By Peter Weiss
The Morning Journal, Lorain, Ohio, June 5, 2000
Presidential candidate George W. Bush said recently that he would be willing to reduce America's nuclear arsenal to the "lowest possible number consistent with our national security."
These are welcome words, but they demonstrate Bush's ignorance of the terms of the 1968 Nuclear Non-Proliferation Treaty. The treaty points to a better way.
The result of the treaty's recent five-year review, reached May 20 at the United Nations, surprised almost everyone. The surprise lay in the fact that the five official nuclear powers - the United States, Russia, Great Britain, France and China - pledged to make "an unequivocal undertaking ... to accomplish the total elimination of their nuclear arsenals."

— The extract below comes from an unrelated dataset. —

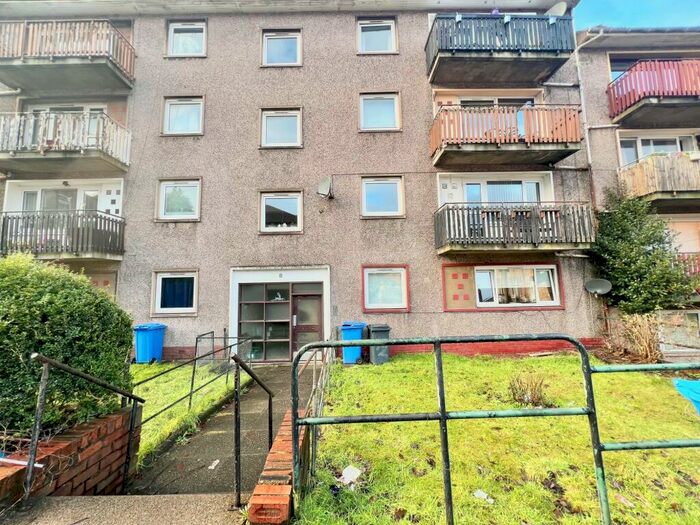 2 Bedroom Flat To Rent In Greenhill Street, Rutherglen, G73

This was greeted by the world press as a major breakthrough. Well, yes and no.
The five major powers have never disavowed their obligation to get rid of their nukes. But in the past, they have always defined this as an "ultimate" or "eventual' goal. When measured against the words of their military people, who are fond of speaking of their reliance on nukes "forever" or "for the foreseeable future" or "until there is a more stable security environment," this has sounded like a program for the next century, if not millennium.
Now the weasel words are gone. But the chances of turning the words of the May 20th pledge into action are not overwhelming. There is no effective enforcement mechanism for the pledge and no deadline. The major nuclear powers have a history of foot-dragging on this issue.
Plus, there's the influence of strong lobbies in each of these countries arguing for the retention of nuclear weapons. Current U.S. policy on this issue is not encouraging. The Pentagon has already decided that when President Clinton meets President Vladimir Putin in Moscow in June, the United States will not agree to the Russian proposal to cut nuclear arsenals to 1,500 for each country.
And the United States, in an effort to lessen Russian opposition to our plans for a ballistic missile defense (better known as "Star Wars"), has assured the Russians that they will have 2,000 to 2,500 nukes to use in the case of a nuclear attack. Therefore, they do not have to worry about a few missile defense sites in Alaska aimed at a mere handful of North Korean or Libyan missiles.
In other words, MAD - the doctrine of mutual assured destruction - still lives in the minds of our "security" experts. At its ratification 30 years ago, the Non-Proliferation Treaty was a Faustian bargain between the five countries that then possessed nuclear weapons and the rest of the world.
Every state today except India, Pakistan, Israel and Cuba has promised, in accordance with the treaty, not to develop or acquire nuclear weapons. In return, the countries that already had nuclear weapons in 1968 agreed in Article VI of the treaty, "to pursue negotiations in good faith on effective measures relating to cessation of the nuclear arms race ... and to nuclear disarmament."
In 1996, the International Court of Justice, at the request of the U.N. General Assembly, ruled unanimously that this constituted a general obligation not only to pursue but to bring to a conclusion negotiations for nuclear disarmament "in all its aspects."
Nuclear weapons are morally abhorrent, militarily useless and illegal under international law. A single bomb would destroy hundreds of thousands of lives. Small steps like those taken at the United Nations on May 20 will have to lead to big results: not ultimately, not eventually, but very soon.
Peter Weiss is president of the Lawyers' Committee on Nuclear Policy in New York.